Figure 10 shows the calculation on a uniform geographical grid of the maximum magnitudes of earthquakes expected to occur with a set probability for the set time interval. Calculation is carried out on the basis of the values of USLE coefficients A, B, and C, the magnitude–frequency dependence of earthquakes is constructed for a set region, and then, based on this dependence, the expected maximum magnitude of an earthquake that can occur with the set probability for the set time interval is calculated. Depending on the specifications of the query, the result can be either displayed as a single number for the entire region or visualized as a map with values indicated in uniform grid nodes (see Fig. 10 proper). A cell for which maximum magnitude was not calculated but where seismicity was recorded (most likely, a weak one), a maximum value of 4 was set. Problems with calculation may be for different reasons, e.g., weak seismicity or lack of initial data for estimating the USLE coefficients.

4 DISCUSSION

The unified GIS environment integrates the most complete information on both initial data and their processing results, which in turn makes it possible to assess multicriterion seismic hazard in seismically active Russian areas and adjacent regions. At present, the developed GIS and underlying DB are available for the Caucasus–Crimea region. This environment includes the results of both conventional and alternative approaches to seismic hazard assessment. The GIS-integrated tools for geodata analysis and query construction allow a user to perform seismic hazard assessment based on different criteria in desired regions. Thus, a user performs his own independent system analysis of the data from different pattern recognition methods and formulates the final result taking into consideration specific demands.

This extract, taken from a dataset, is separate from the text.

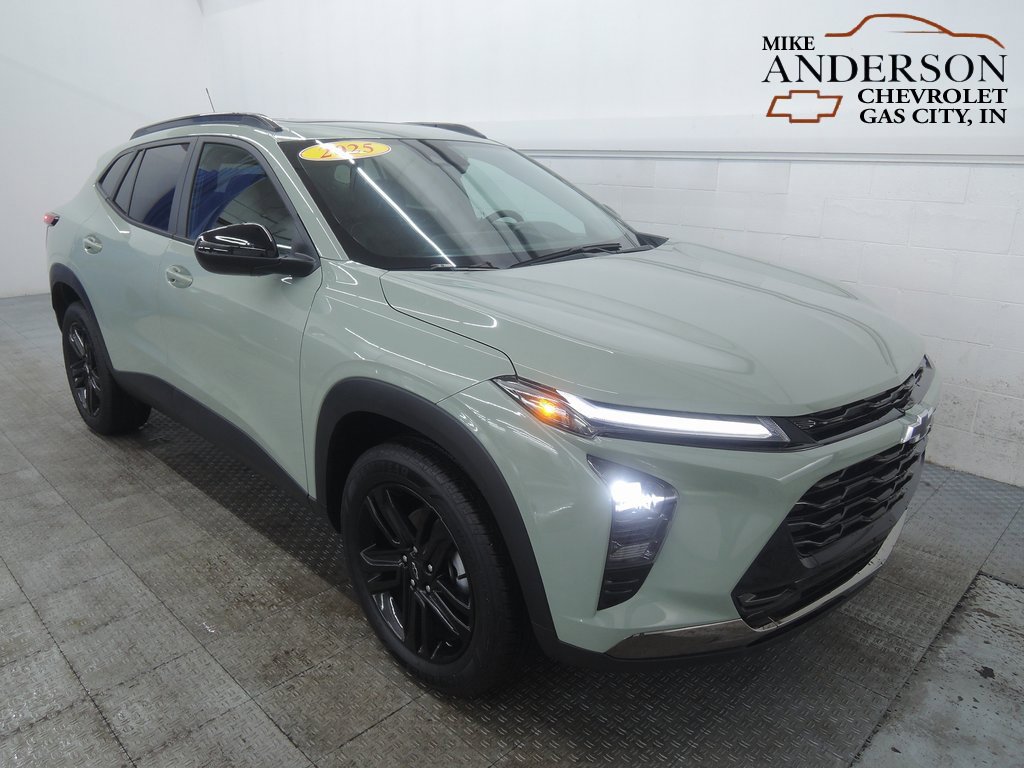 Used 2025 Chevrolet Trax ACTIV w/ Sunroof Package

The functionality of the developed GIS provides broad opportunities for analyzing and interpreting the obtained data. In particular, the calculation results can be geometrically fitted in order to provide a comprehensive seismic hazard assessment, which in turn allows comprehensive system research of seismically active regions to be conducted and multifactor risks to be assessed.

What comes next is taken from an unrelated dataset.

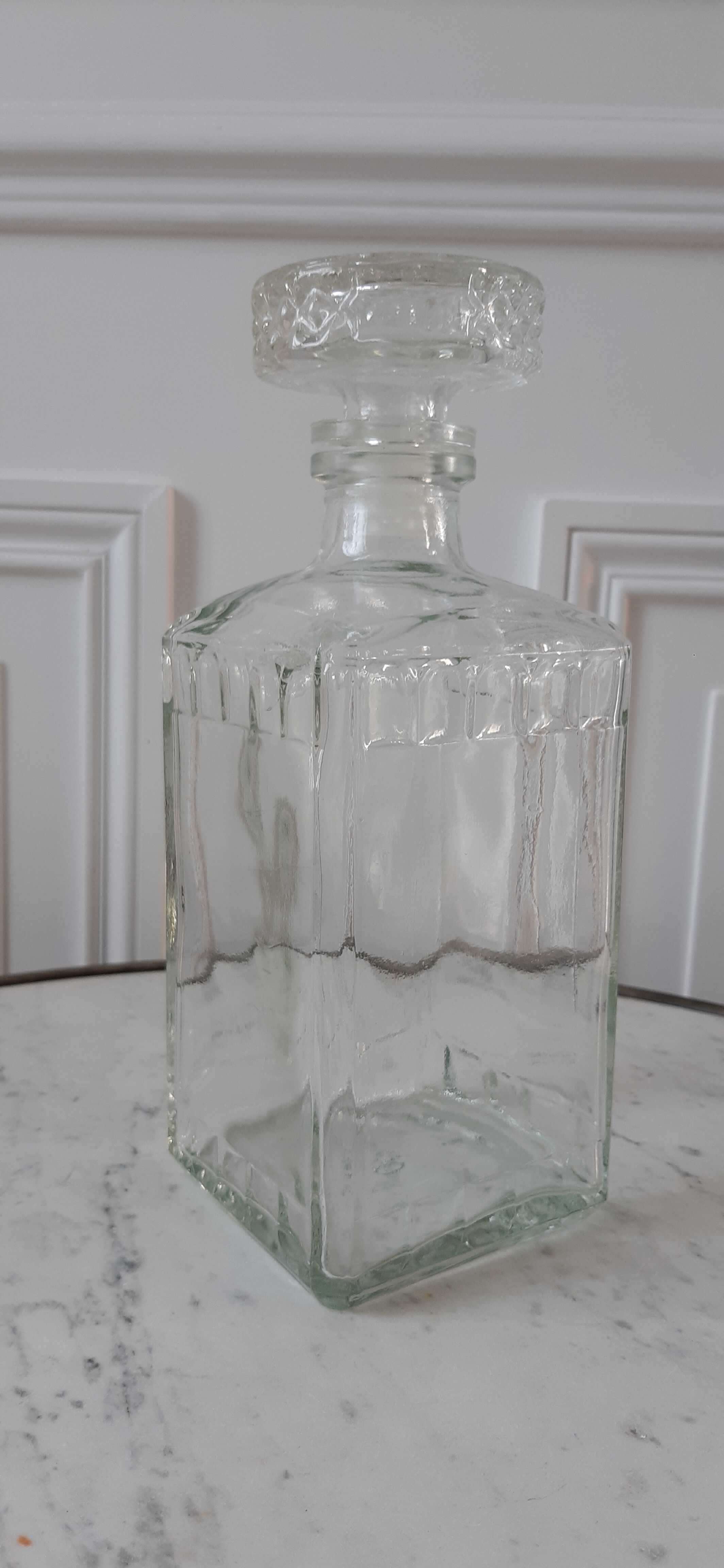 Whisky decanter round cap 70s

We emphasize that this system has been developed for the first time. It enables the most objective seismic hazard assessment, because it unifies different approaches to such assessment in the framework of a unified program environment. Other existing systems—e.g., the Global Seismic Hazard Assessment Program, GSHAP (Ulomov, 1999), maps of General Seismic Zoning of Russia (Ulomov, 2013; Ulomov and Bogdanov, 2013), maps representing detailed seismic zoning (DSZ), seismic microzoning (SMZ), and zones of possible earthquake sources (PES zones)—do not provide such a broad range of possible prediction methods and are mostly aimed at single-aspect consideration of the problem.

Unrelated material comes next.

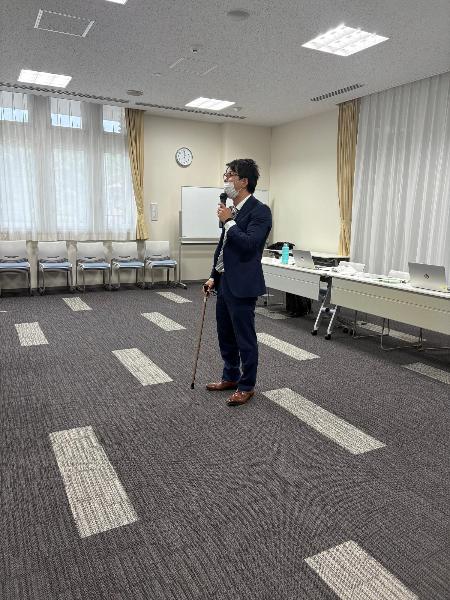 先生による杖の使い方の説明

It is planned to expand the developed system to the other seismically active Russian regions and adjacent countries. In particular, its expansion to the Altai–Sayany–Baikal seismically active region, which was also studied within the mentioned project no. 15-17-30020, is ongoing. At the moment, desktop application of the system is available; further development is planned for a web-based version with a centralized database hosted on servers, so multiple user access will be available. The web-based version will use geoportal technology (see, e.g., (Krasnoperov et al., 2016; Soloviev et al., 2018)), which do not require any special client program to be installed by the user. Another planned enhancement is a voice-operated interface for the system and introduction of AI elements for automated responses to user queries.